Action item >> For every entry below, give an exact repeat and leave out the pictures.

Records to use >>

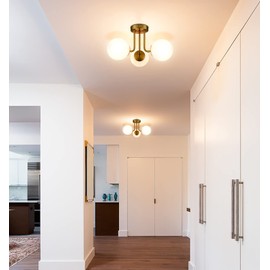 SHAWNKEY Modern Brass Gold 3-Light Ceiling Light with Globe White Glass Shade Semi Flush Mount Ceiling Light for Living Room Hallway Sputnik Chandelier Lighting Fixture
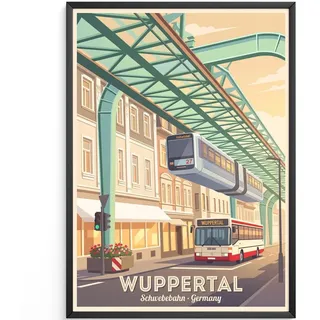 MJ-GRAPHICS® Schwebebahn Wandbild Wuppertal Kunstdruck Architektur Poster Vintage Farben Wohnzimmer Deko Illustrationsstil Retro Stadtansicht Flur Bilder A4 mit beigem Rahmen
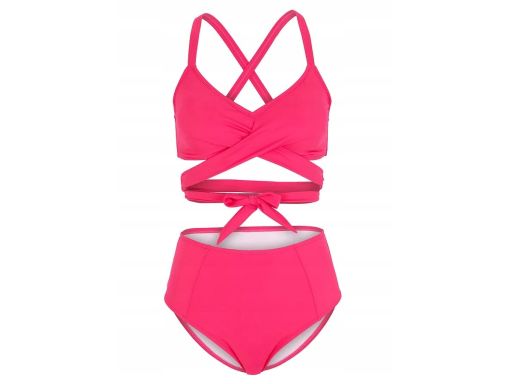 B.P.C bikini bustier wiązane różowe neonowe z figami ^40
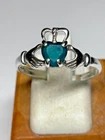 Vintage Sterling Silver Green Onyx Claddagh Ring 1.9g Sze 9.25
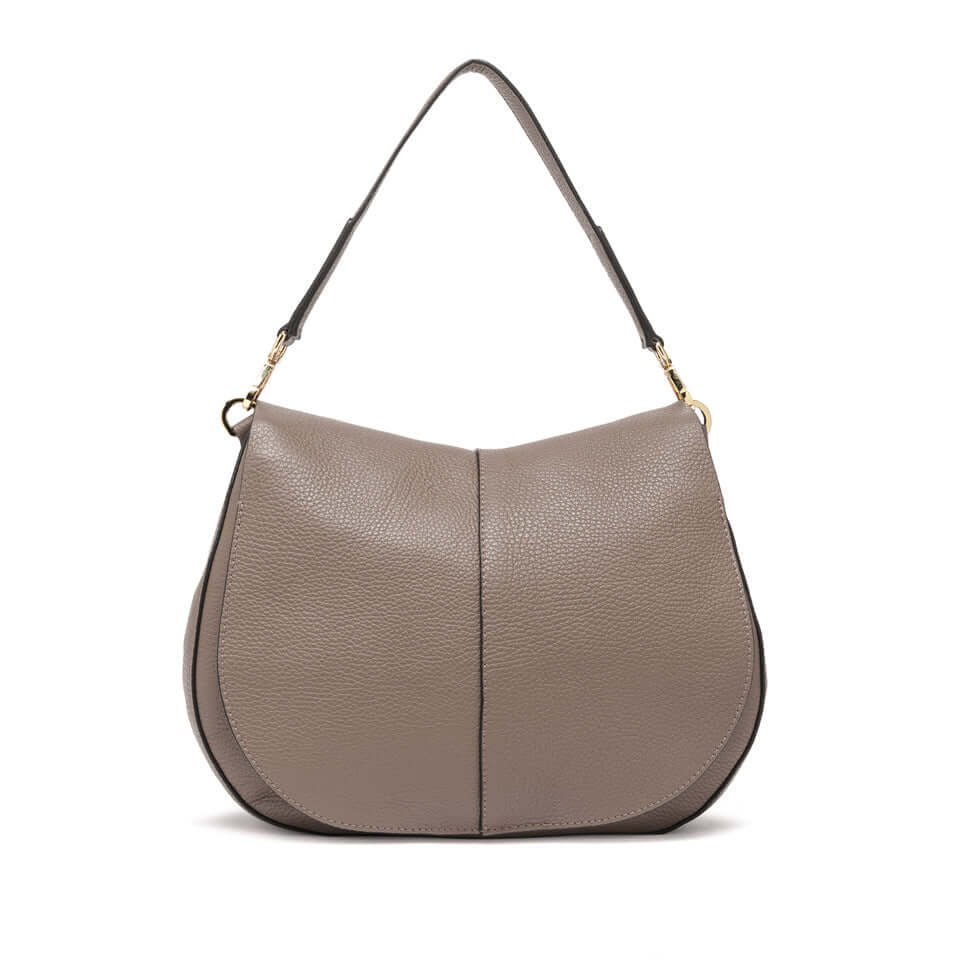 Helena Round bag by Gianni Chiarini in soft taupe leather, featuring a structured design and removable strap.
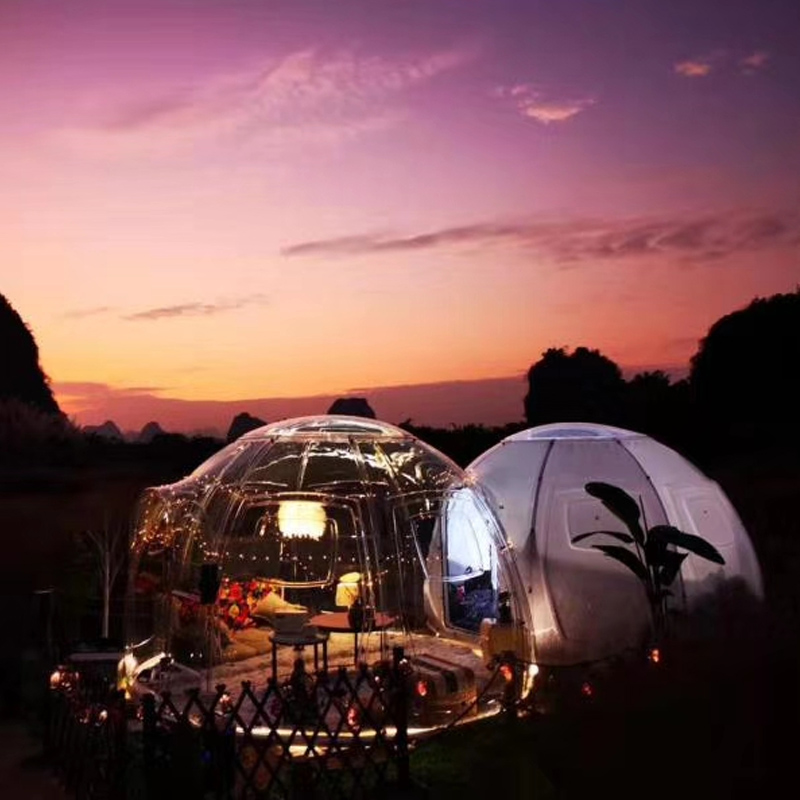 青海茶卡盐湖星空酒店民宿餐厅透明星空屋建造厂家圆屋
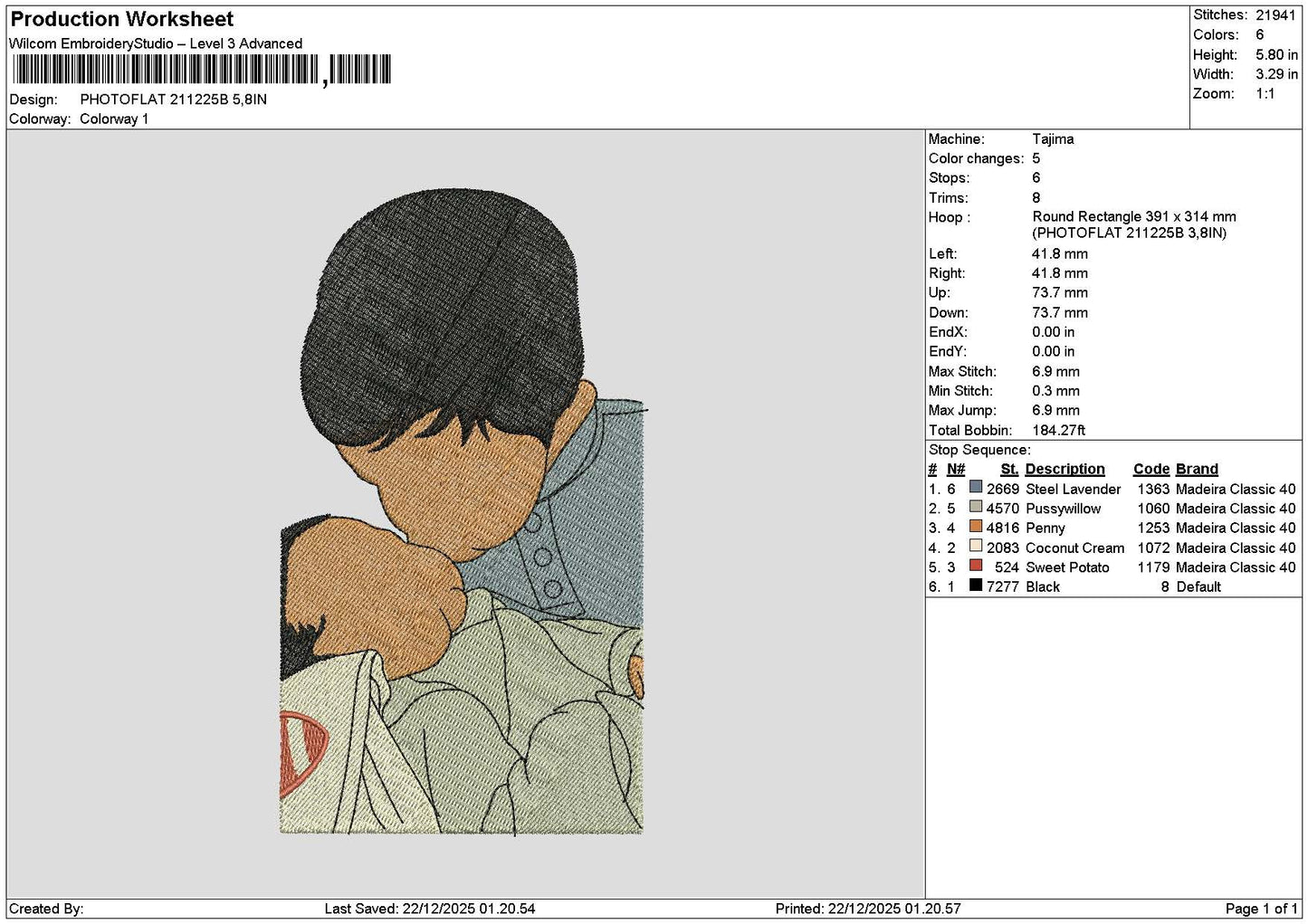 Photoflat 2112b Embroidery File 6 sizes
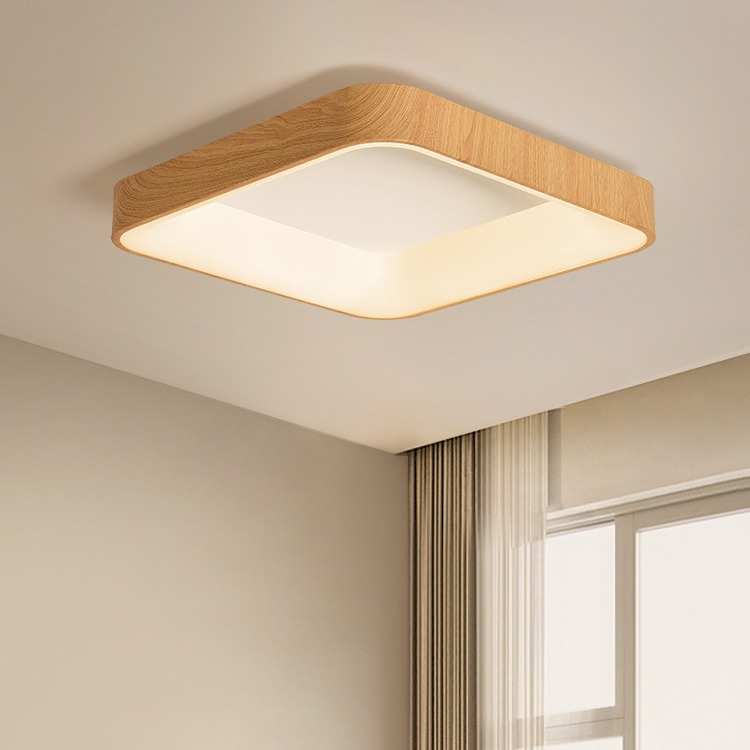 北欧LED卧室吸顶灯现代简约新中式客厅餐厅房间书房胡桃木纹灯具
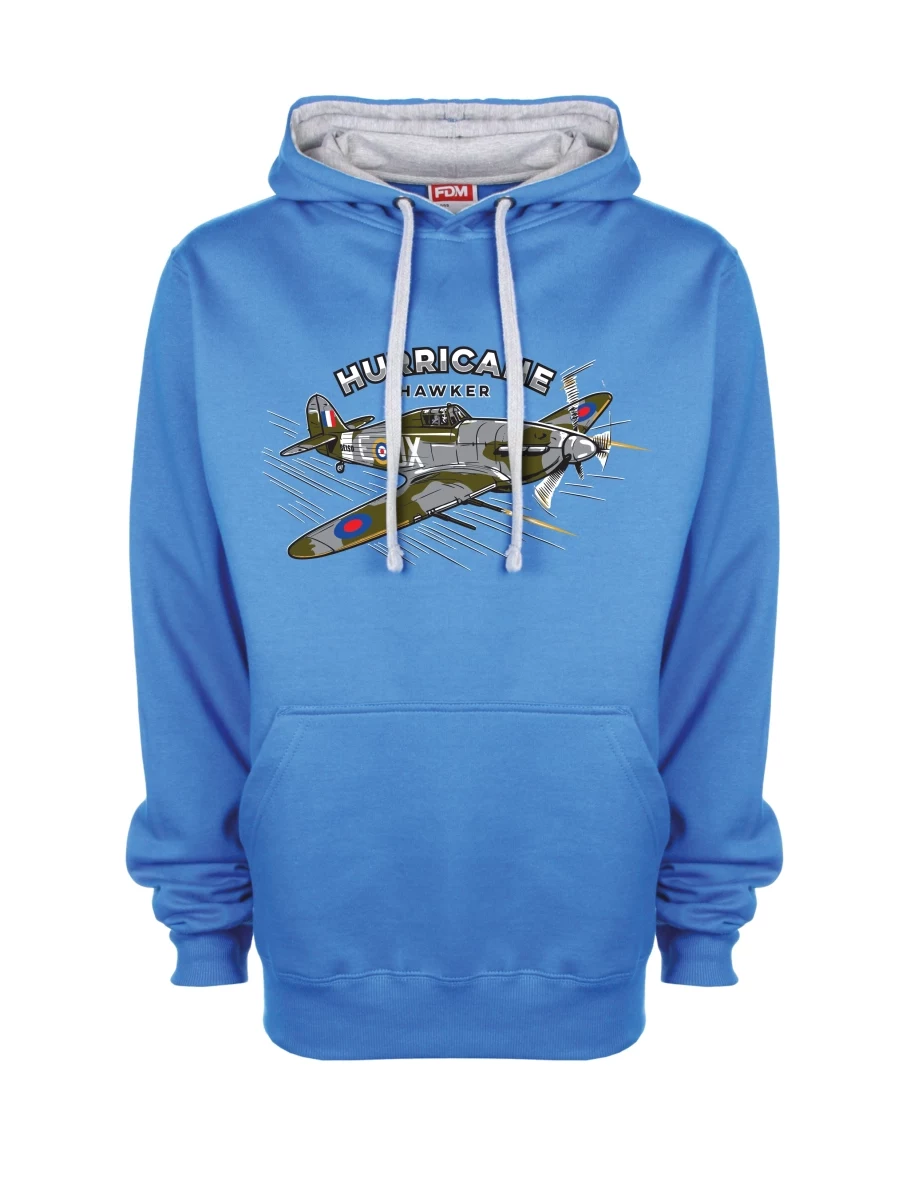 Grau-blaues Sweatshirt Flugzeug Hurricane Hawker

Answer to this task >>
 SHAWNKEY Modern Brass Gold 3-Light Ceiling Light with Globe White Glass Shade Semi Flush Mount Ceiling Light for Living Room Hallway Sputnik Chandelier Lighting Fixture
 MJ-GRAPHICS® Schwebebahn Wandbild Wuppertal Kunstdruck Architektur Poster Vintage Farben Wohnzimmer Deko Illustrationsstil Retro Stadtansicht Flur Bilder A4 mit beigem Rahmen
 B.P.C bikini bustier wiązane różowe neonowe z figami ^40
 Vintage Sterling Silver Green Onyx Claddagh Ring 1.9g Sze 9.25
 Helena Round bag by Gianni Chiarini in soft taupe leather, featuring a structured design and removable strap.
 青海茶卡盐湖星空酒店民宿餐厅透明星空屋建造厂家圆屋
 Photoflat 2112b Embroidery File 6 sizes
 北欧LED卧室吸顶灯现代简约新中式客厅餐厅房间书房胡桃木纹灯具
 Grau-blaues Sweatshirt Flugzeug Hurricane Hawker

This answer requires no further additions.